Retype exactly what appears below from the line containing "Thank you for watching the" down to the line containing "If you see a", keeping both end lines. Do not include pictures.

** RECORDED INFORMATION follows **

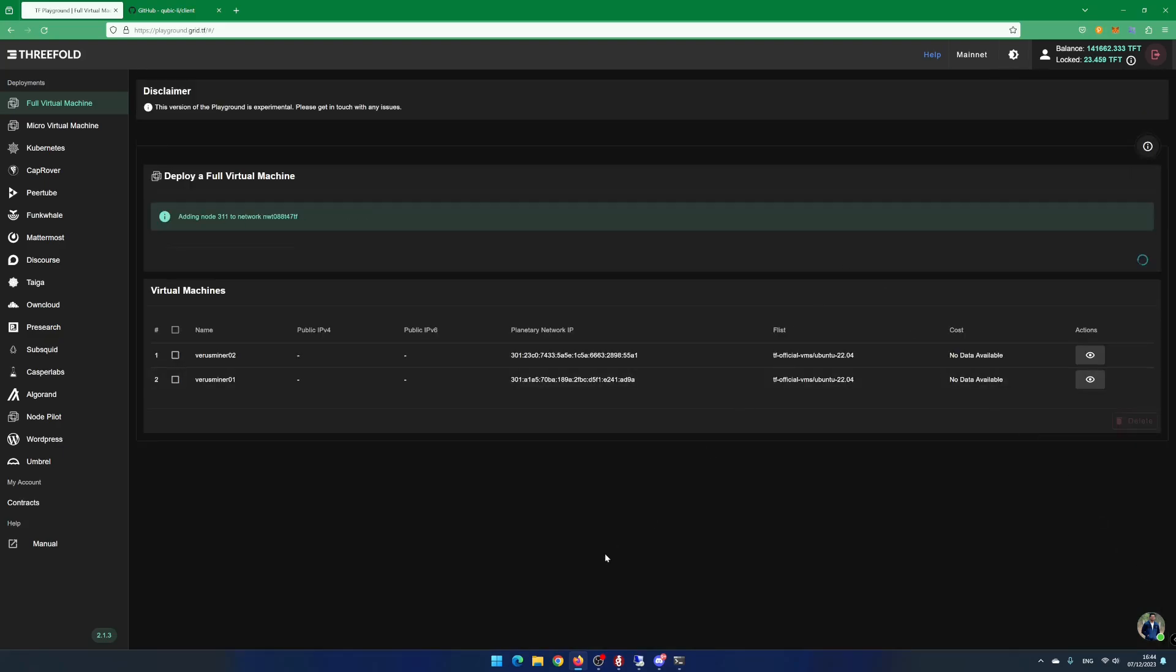Your virtual machine is now being deployed on the node. It will take around 1 minute.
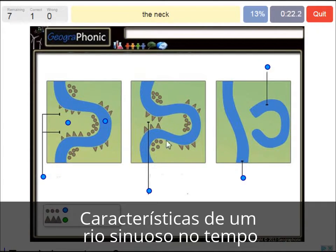The neck — that's the area here, in this case here.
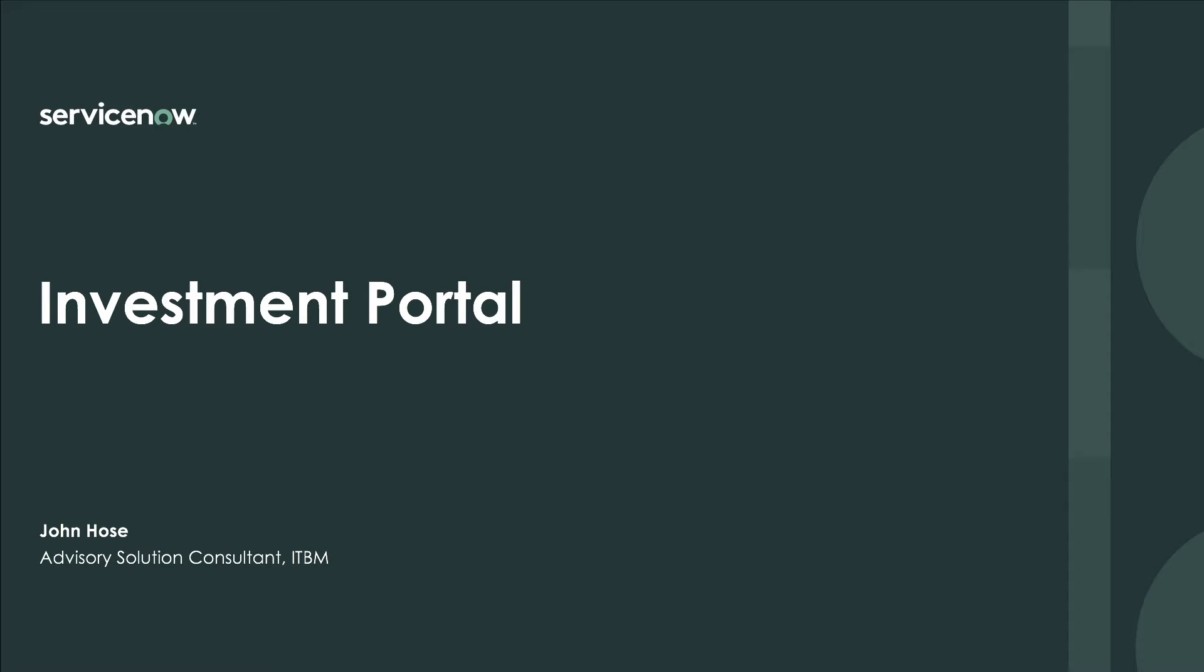Hello, I'm John Hoes, Advisory Solution Consultant, IT Business Management at ServiceNow.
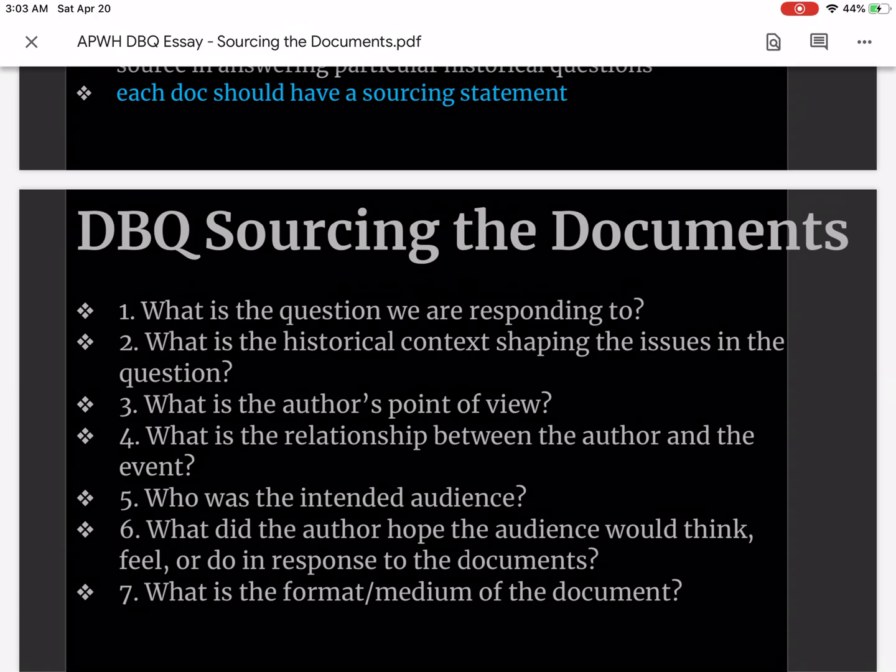Thank you for watching the sourcing the documents module. Happy quizzing and I will see you for the next one.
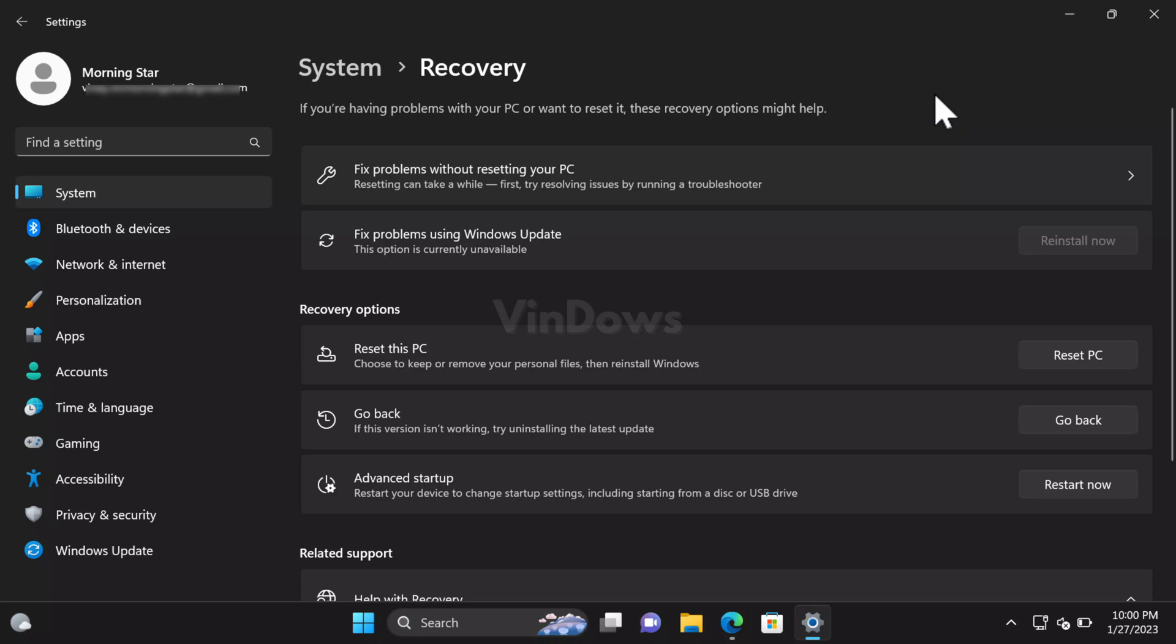Build 25284 allows users to reinstall the currently installed build without installation media. Basically, it's an option using which users can perform an in-place or repair upgrade of Windows 11 to fix issues. Right now, users require Windows 11 ISO or Windows 11 installation media to perform in-place upgrades.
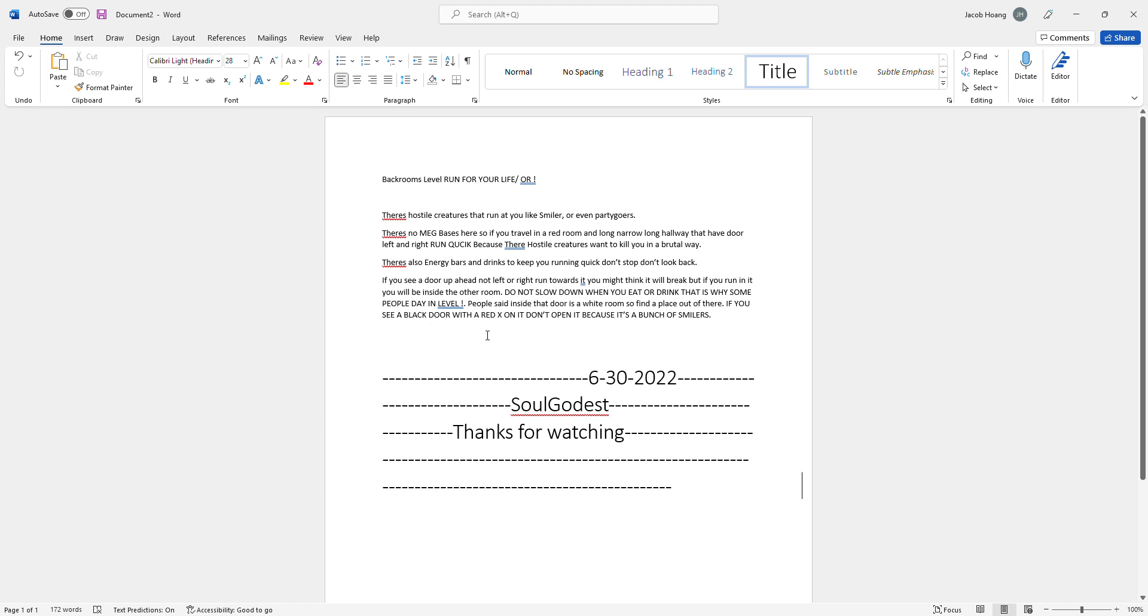If you see a black or red X, do not open it because it's a bunch of Smilers. The date: 6-30-2022. Soul Goddess. Thank you for watching, bye.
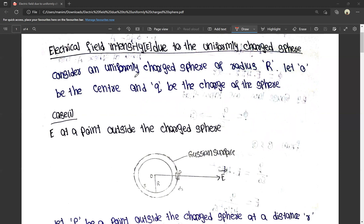Consider a uniformly charged sphere of radius capital R. R is the radius, O is the center, and Q is the total charge of the sphere. The sphere has center O, radius R, and uniform charge Q.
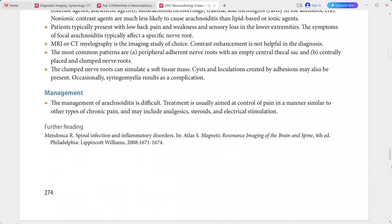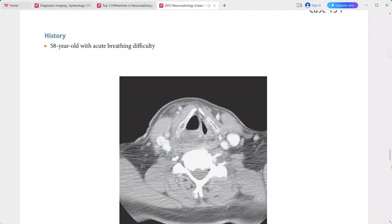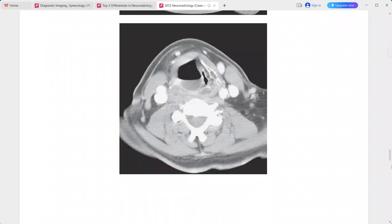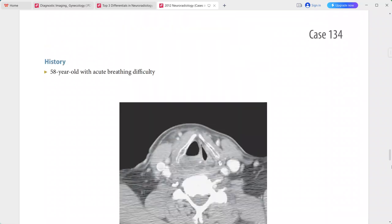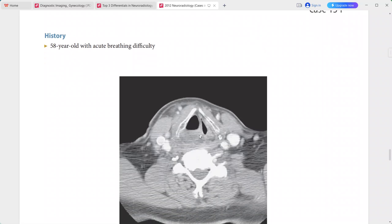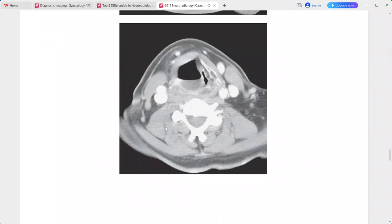Next, an ENT case: a 58-year-old patient presenting with acute breathing difficulty. There is a lesion in the right paraglottic space that contains a fluid-fluid level.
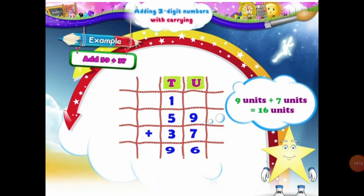Another example: add 59 and 37. So students, again let's place them under the units and the 10s column. All two-digit numbers are placed under the place of units and 10s. So students, in 59, 5 will come under the 10s column and 9 will come under the units column. And in the same way, in 37, 3 will come under the 10s column and 7 will come under the units column. Now let's start solving this sum by adding the digits in the units column. In the units column, we have 9 units and 7 units. When we add 9 units and 7 units, that will be equal to 16 units. But we can't write 16 units in the units column. So what will we do? We will regroup 16 units into a group of 10s and units. In 16 units, we have 1 ten and 6 units.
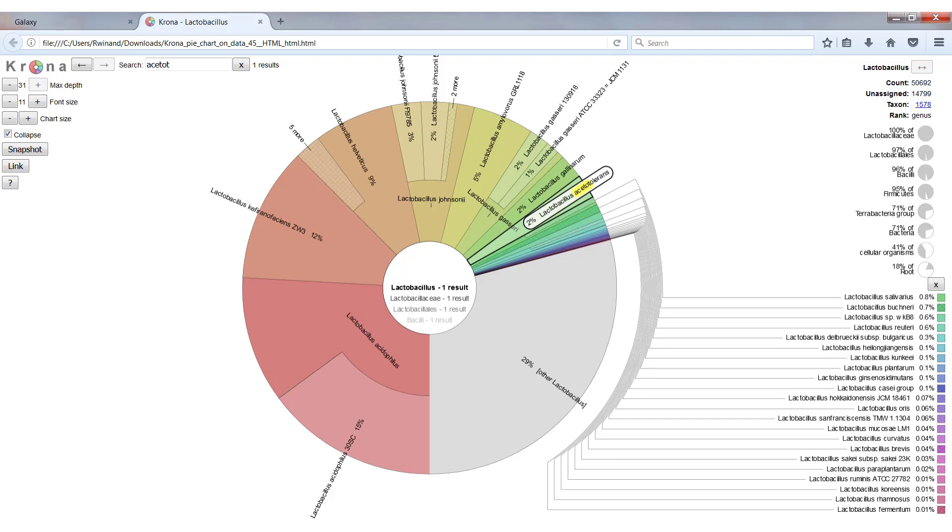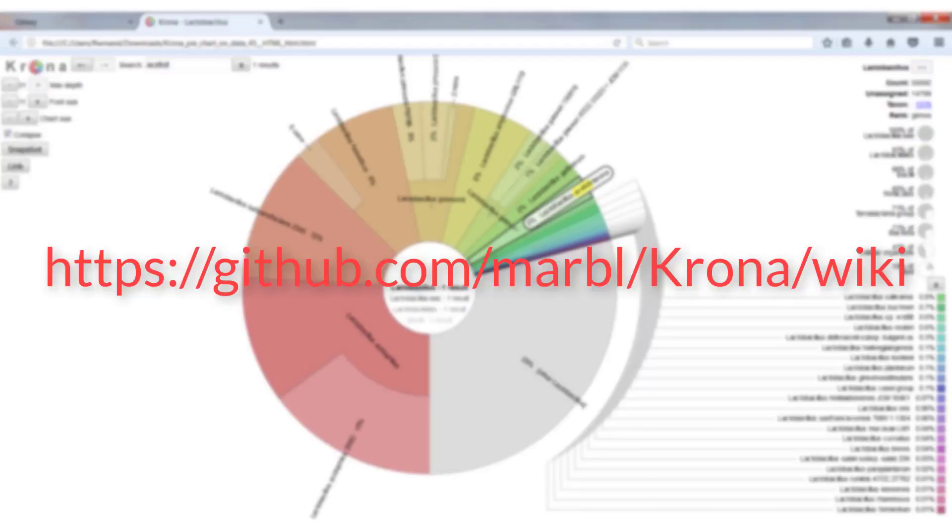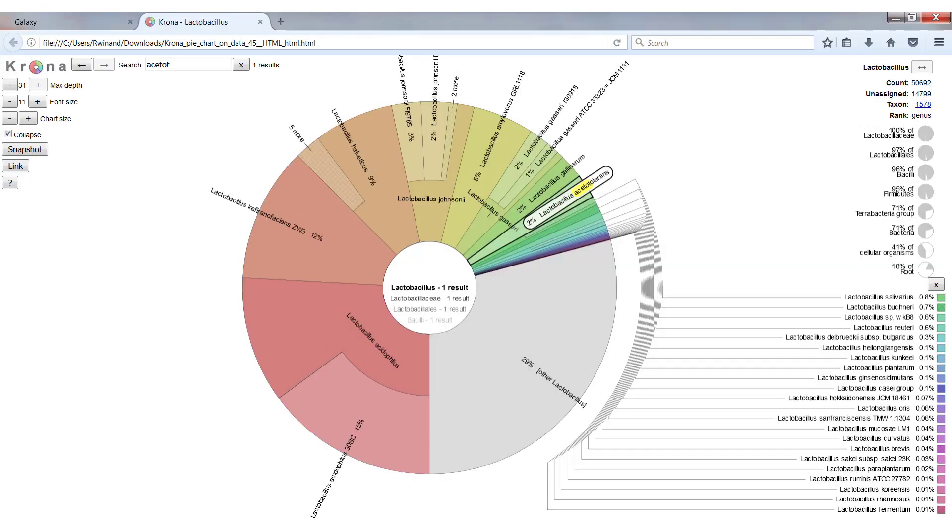It is also possible to limit the number of levels that are shown, to increase the font size, the chart size, but you can also create a snapshot to save this figure and export it to another program. If you want some more information on how to use Krona, please go to their GitHub page, where you can find a wiki and a manual that will explain it all.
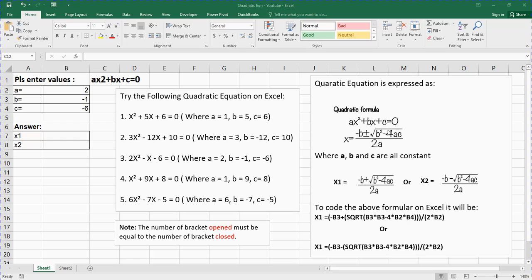The formula for computing the quadratic equation is: x equals minus b plus or minus the square root of b squared minus 4ac, all over 2a, where a, b, and c are constants. We are going to program this formula in Excel in two places. X1, the first root, will use minus b plus the square root of b squared minus 4ac all over 2a. X2, the second root, will use minus b minus the square root of b squared minus 4ac all over 2a.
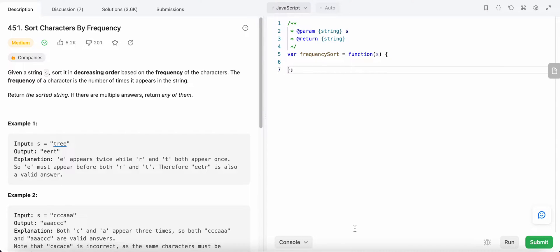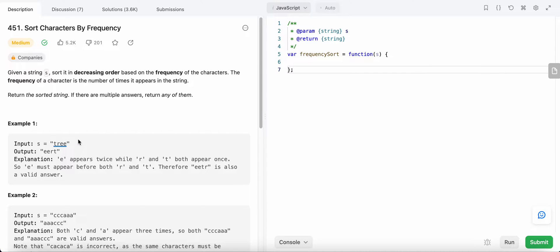Hello friends, today I'm going to solve LeetCode problem number 451: Sort Characters By Frequency. We are given a string and we need to sort it in decreasing order based on the frequency of each character, meaning the character with the highest frequency should appear first.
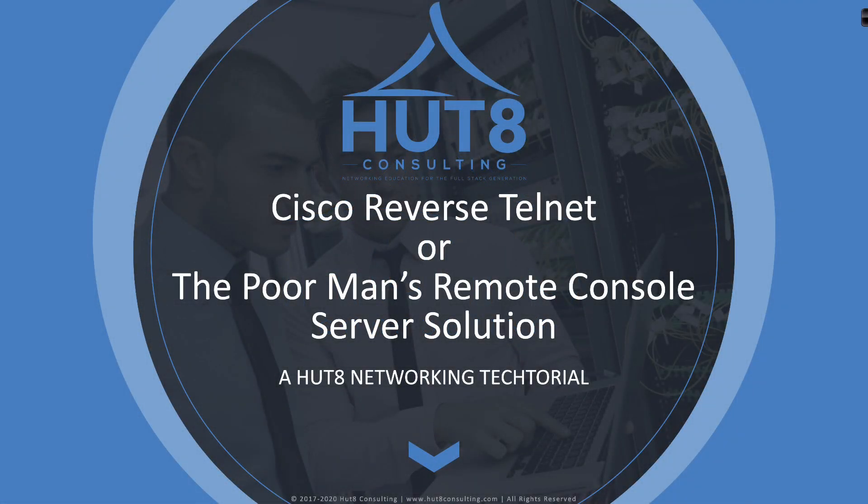Welcome to this HUT8 Networking Tectorial on Cisco Reverse Telnet, or as I like to call it, the poor man's remote console server solution.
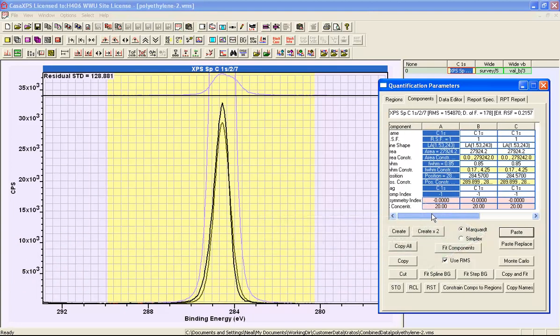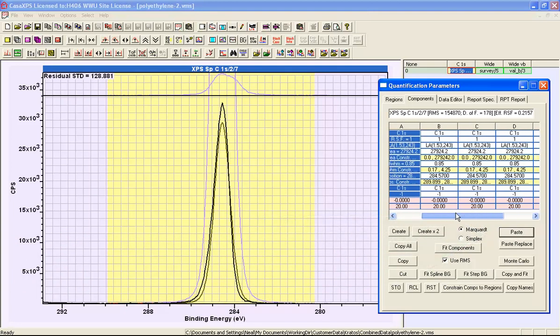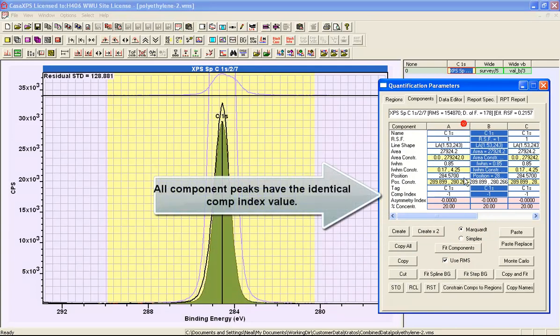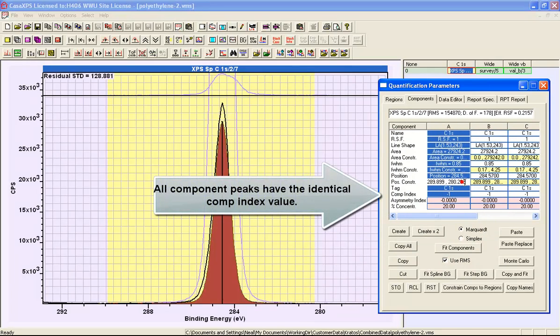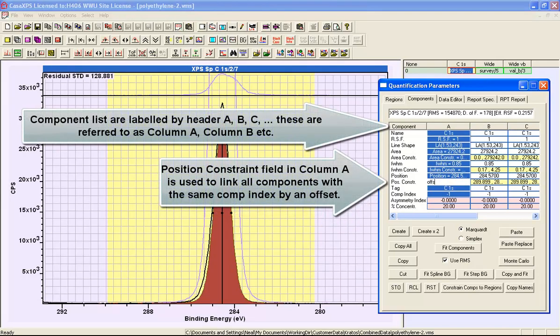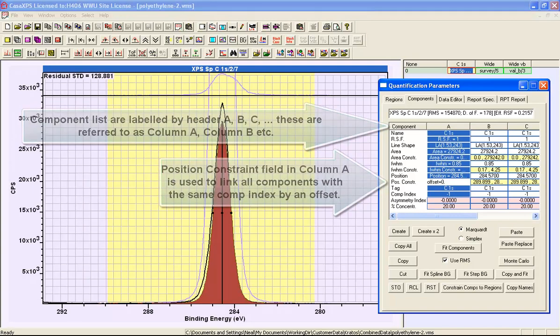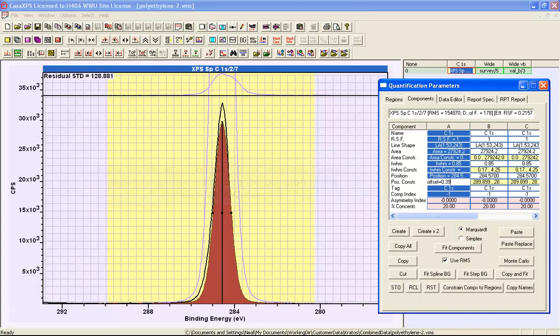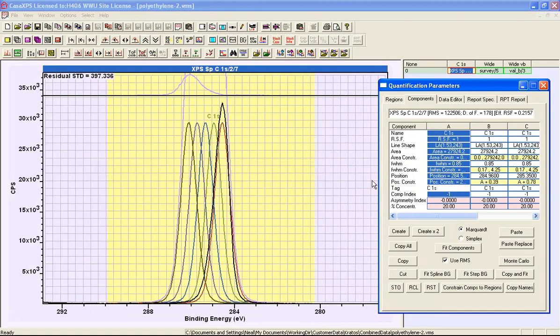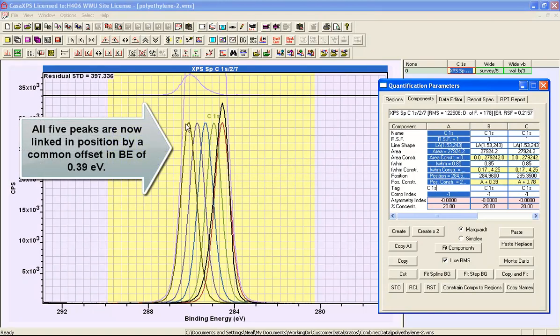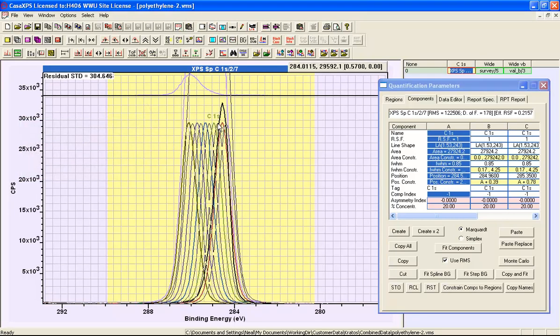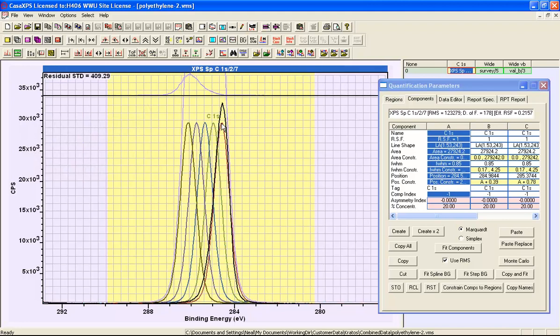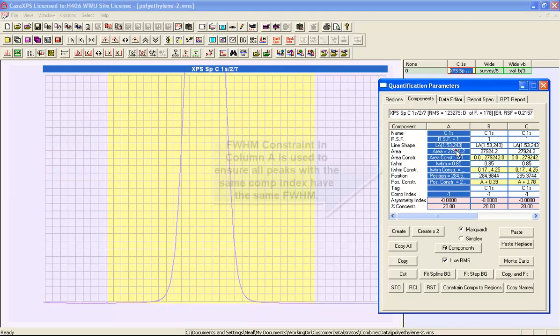These are all of the same size, and we're going to apply an offset. So if we take the position constraint and replace it using a keyword of offset equals, and then 0.39, this represents an offset value that's going to be applied sequentially to all of these peaks one after another. So you can now see that these five peaks have all been assigned a different binding energy and they're all controlled by the first peak that I defined, and that's the one in column A.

** End of RECORDED INFORMATION **

RESPONSE TO THIS TASK:
Thank you for watching the sourcing the documents module. Happy quizzing and I will see you for the next one.
Build 25284 allows users to reinstall the currently installed build without installation media. Basically, it's an option using which users can perform an in-place or repair upgrade of Windows 11 to fix issues. Right now, users require Windows 11 ISO or Windows 11 installation media to perform in-place upgrades.
If you see a black or red X, do not open it because it's a bunch of Smilers. The date: 6-30-2022. Soul Goddess. Thank you for watching, bye.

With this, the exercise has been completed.